Image-text web data
--

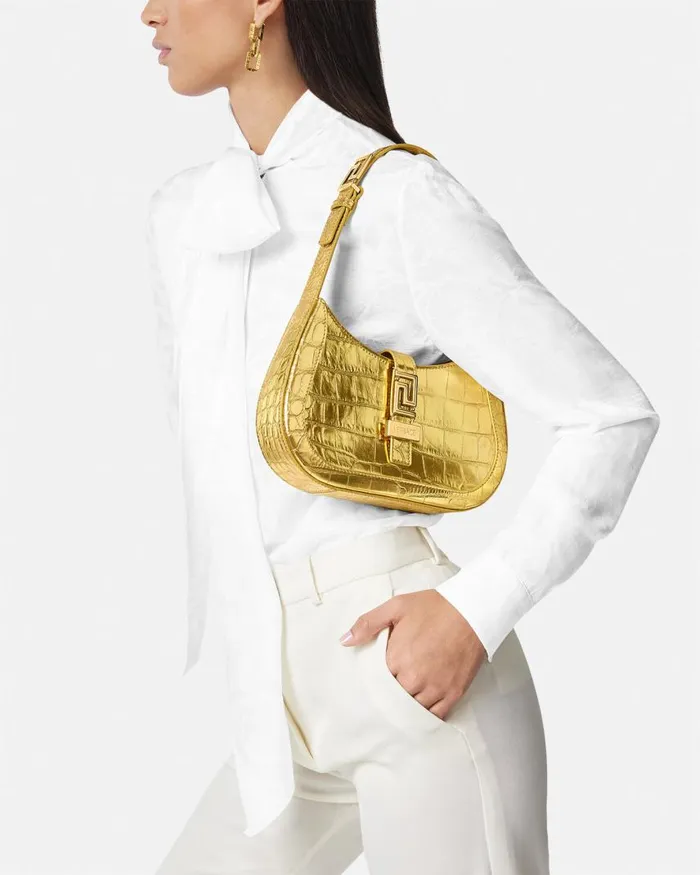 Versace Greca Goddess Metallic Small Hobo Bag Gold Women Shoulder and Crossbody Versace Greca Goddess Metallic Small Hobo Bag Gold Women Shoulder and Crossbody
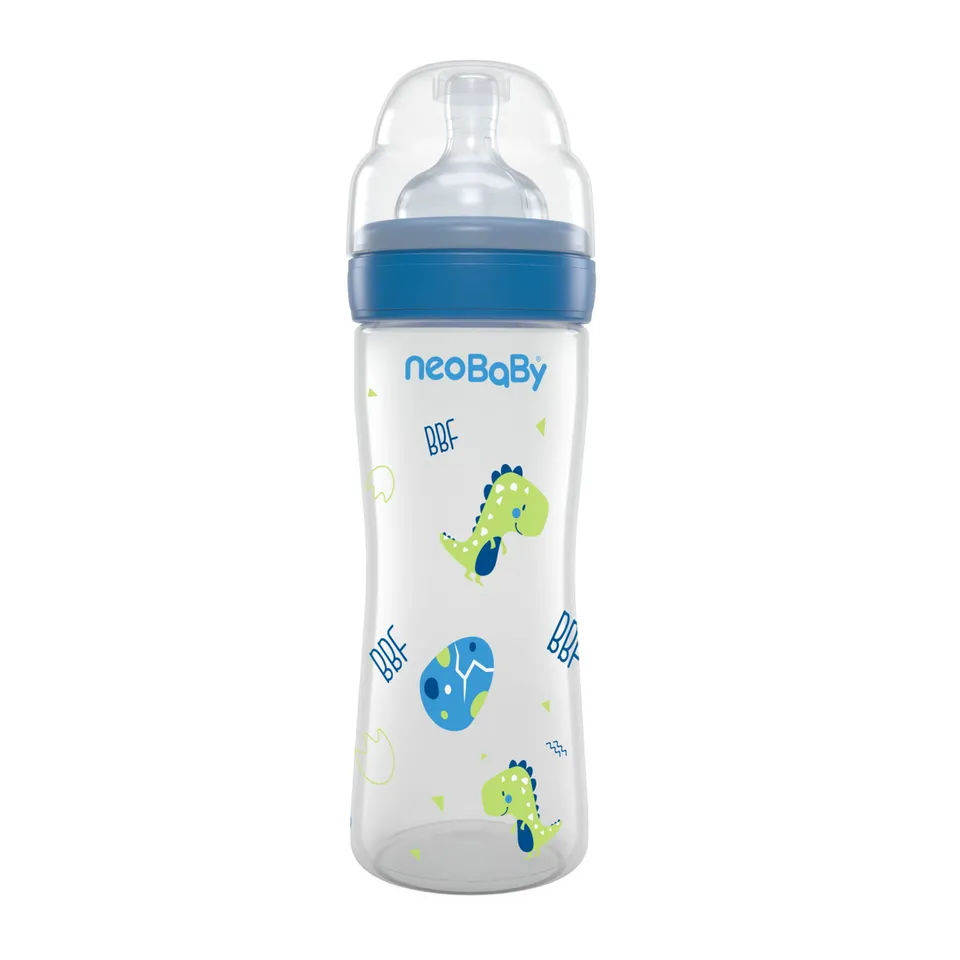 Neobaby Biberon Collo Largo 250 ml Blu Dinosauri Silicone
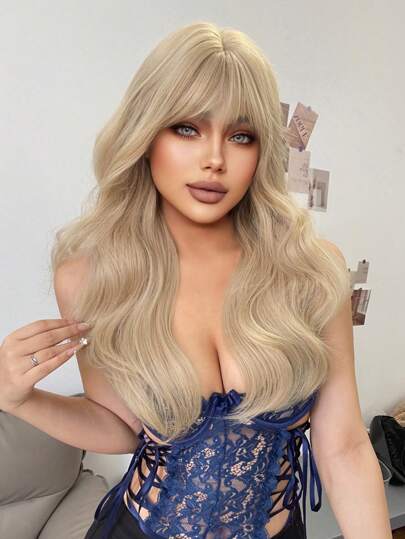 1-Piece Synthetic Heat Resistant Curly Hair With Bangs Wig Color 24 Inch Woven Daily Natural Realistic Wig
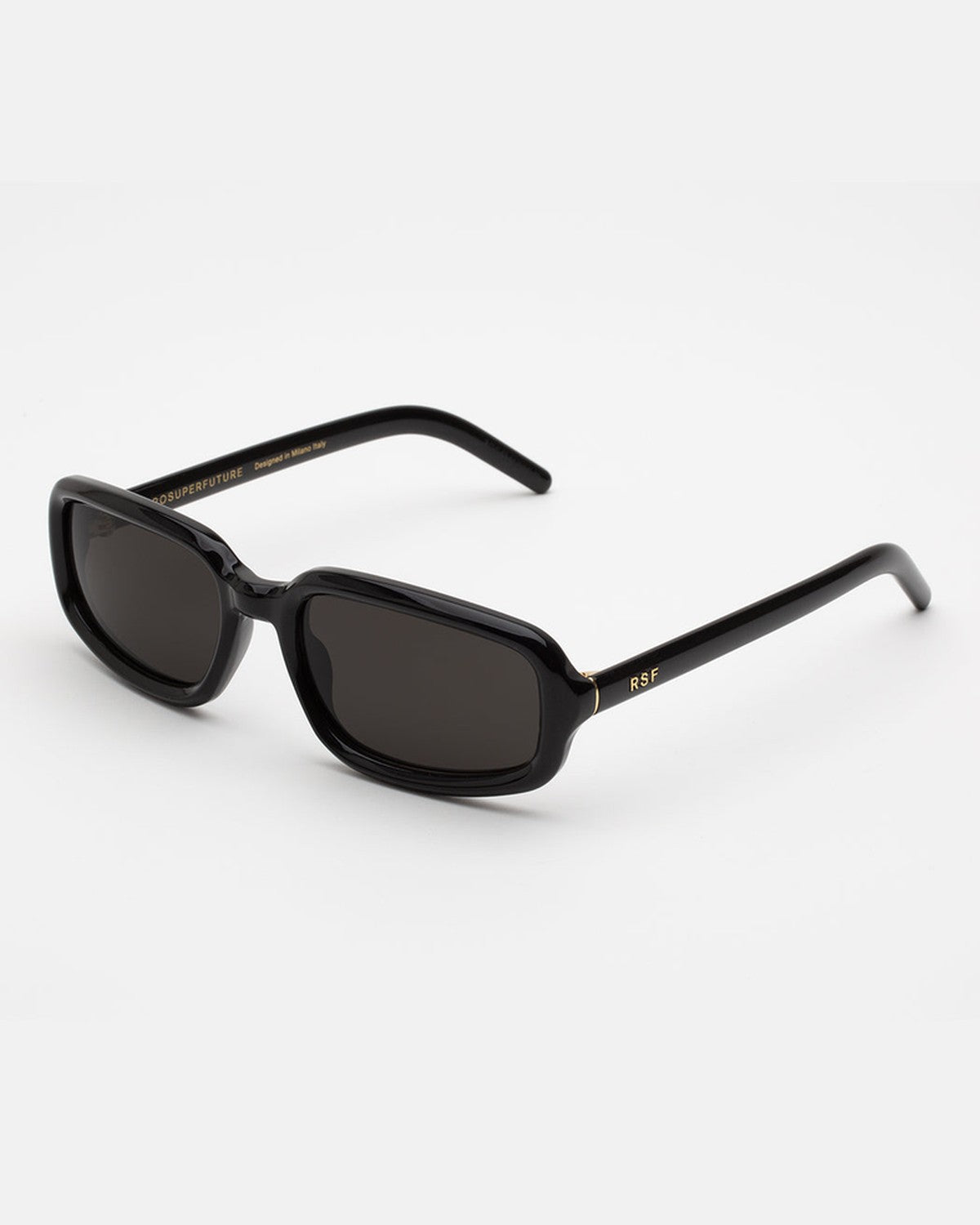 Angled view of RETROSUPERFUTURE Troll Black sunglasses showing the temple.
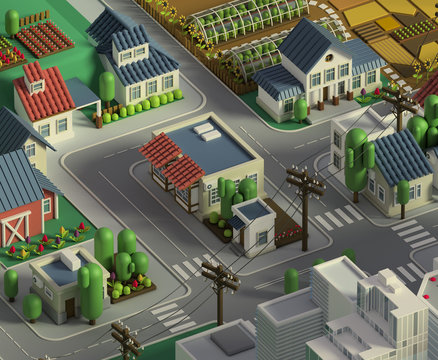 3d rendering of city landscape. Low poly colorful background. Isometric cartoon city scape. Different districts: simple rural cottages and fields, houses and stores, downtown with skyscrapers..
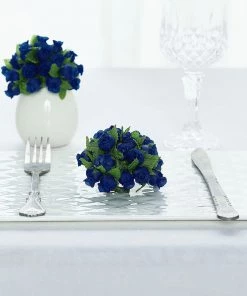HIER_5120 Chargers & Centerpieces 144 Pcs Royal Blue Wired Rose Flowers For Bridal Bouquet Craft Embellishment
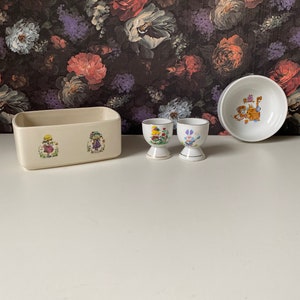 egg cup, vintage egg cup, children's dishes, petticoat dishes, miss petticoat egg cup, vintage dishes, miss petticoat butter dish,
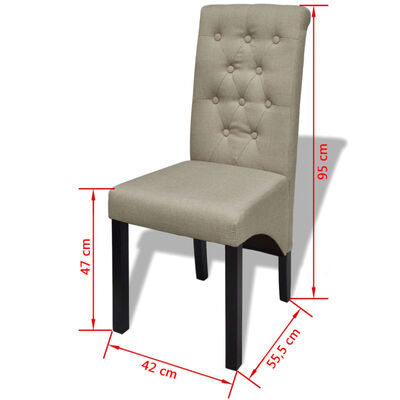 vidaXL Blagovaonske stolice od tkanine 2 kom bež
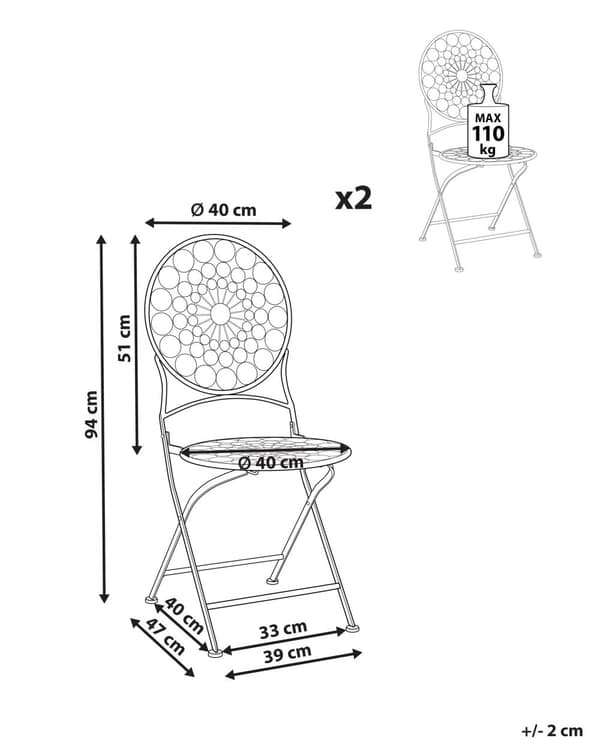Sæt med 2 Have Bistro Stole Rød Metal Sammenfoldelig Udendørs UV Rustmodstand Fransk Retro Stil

--

Please write out exactly the lines from the one containing "HIER_5120 Chargers &" through the last line of the records above, and leave out any pictures.

Response area ::
HIER_5120 Chargers & Centerpieces 144 Pcs Royal Blue Wired Rose Flowers For Bridal Bouquet Craft Embellishment
 egg cup, vintage egg cup, children's dishes, petticoat dishes, miss petticoat egg cup, vintage dishes, miss petticoat butter dish,
 vidaXL Blagovaonske stolice od tkanine 2 kom bež
Sæt med 2 Have Bistro Stole Rød Metal Sammenfoldelig Udendørs UV Rustmodstand Fransk Retro Stil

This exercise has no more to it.